*** Opening DATA FOR THIS EXERCISE ***

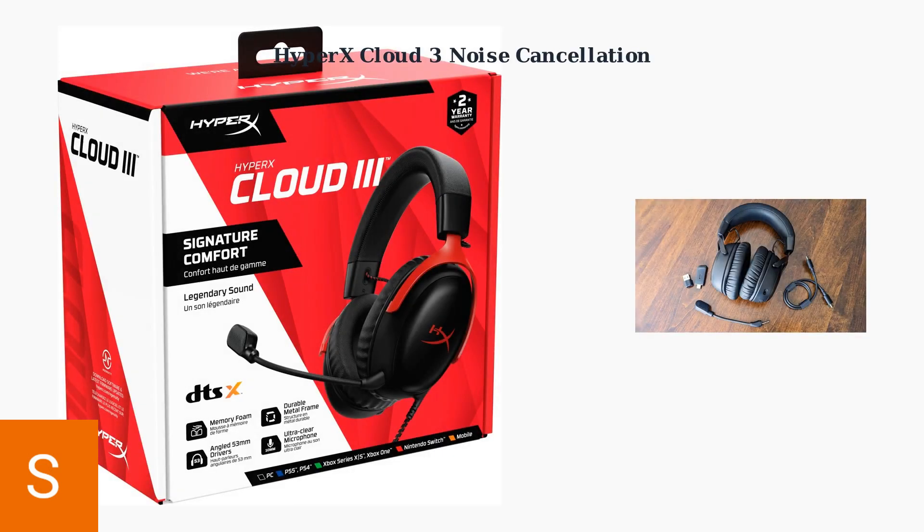The HyperX Cloud 3 uses a dual approach to noise cancellation, combining both hardware and software solutions to deliver clear audio in any environment.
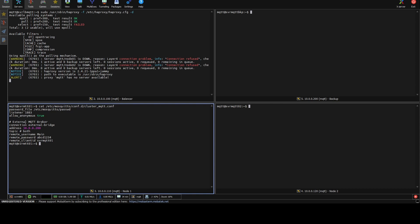We need to define the following things. First is the password file — this broker can work with a password file that records usernames and passwords in tokenized mode, and we define the location of that file. We define the port used to listen for requests. We also set allow_anonymous to true in order to accept all requests coming through this server. I suggest disabling this option — for test cases we enable it, but in production mode you should disable this flag.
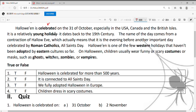Celebrate，庆祝。Halloween这个节日，万圣节通常是在10月31号庆祝。尤其在哪些地方呢？Especially，尤其是in the USA, Canada, and the British Isles. 主要在美国、加拿大和英国。It is a relatively young holiday，年轻的节日。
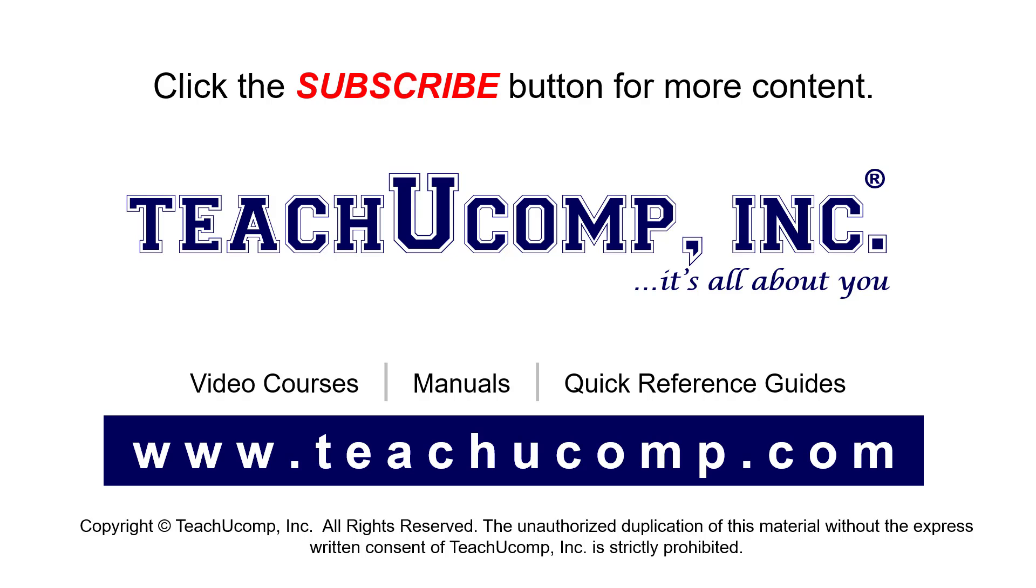If you like our video, click the button to subscribe to our channel and get easy access to new content. To see our full suite of ad-free video courses, instruction manuals, and quick reference guides, visit us at www.teachucomp.com.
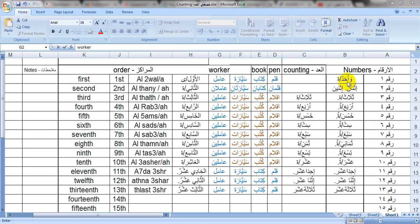Let's start. 1, 2, 3, 4, 5, 6, 7, 8, 9, 10, 11, 12, 13.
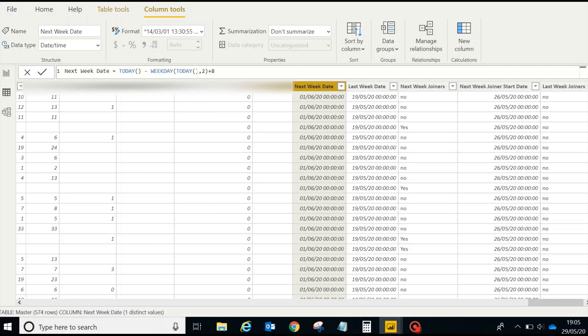Sunday is one, Monday is two, Tuesday is three, and so on. And then we are adding a value over here, plus eight.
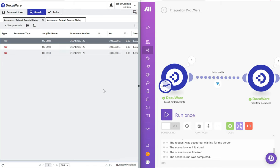There we have it. Really simple guide. Really simple to follow on how to use Make.com for Intelligent Indexing AutoStore. Thanks for watching.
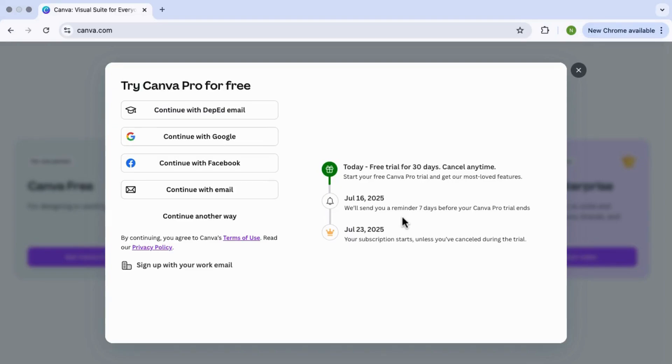And once you're in, you'll get instant access to all the Pro features. You can use premium templates, remove backgrounds from images, schedule content and a lot more. And that's it, you now have Canva Pro for free for the next 30 days.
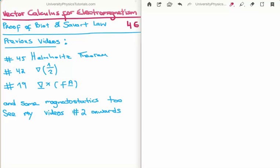In this video I am going to continue on with my tutorials on vector calculus for electromagnetism. This is video number 46 and I am going to derive the Biot-Savart law.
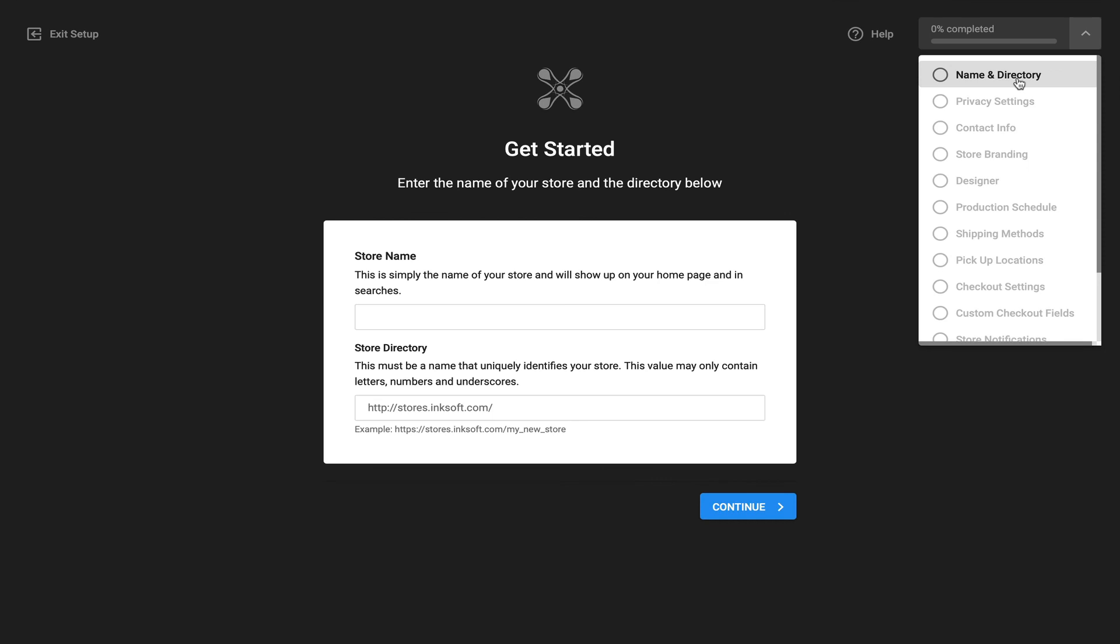And again those are the three keys to success that make Inksoft stores the very best choice as it relates to businesses who sell branded merchandise.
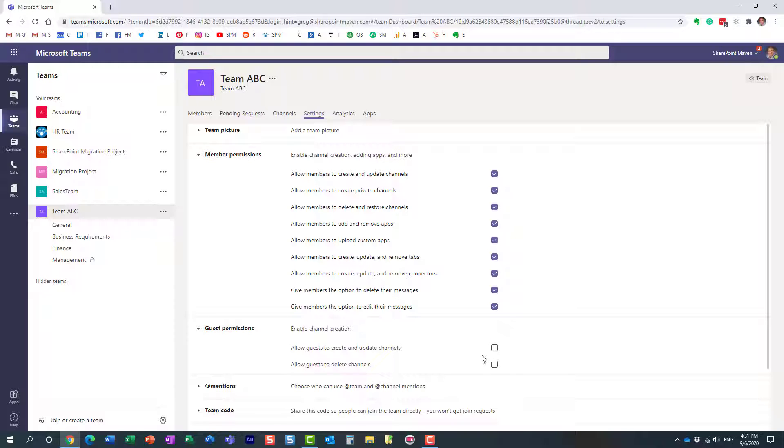You don't need to worry about guests by default. But again, if maybe they're a trusted partner and you want them to create channels without bothering a team owner, you can enable the setting over here.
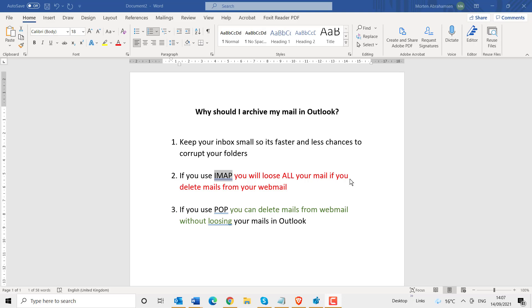In this video, I will go through why you should archive your mails in Outlook. There are several reasons why you should do that.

*** Closing DATA FOR THIS EXERCISE ***

— AIM OF THE TASK —
From the records above, return exactly the lines running from the one that contains "If you like" down to the one that contains "11, 12, 13.", both included, without any pictures.

— SOLVED PROBLEM —
If you like our video, click the button to subscribe to our channel and get easy access to new content. To see our full suite of ad-free video courses, instruction manuals, and quick reference guides, visit us at www.teachucomp.com.
Let's start. 1, 2, 3, 4, 5, 6, 7, 8, 9, 10, 11, 12, 13.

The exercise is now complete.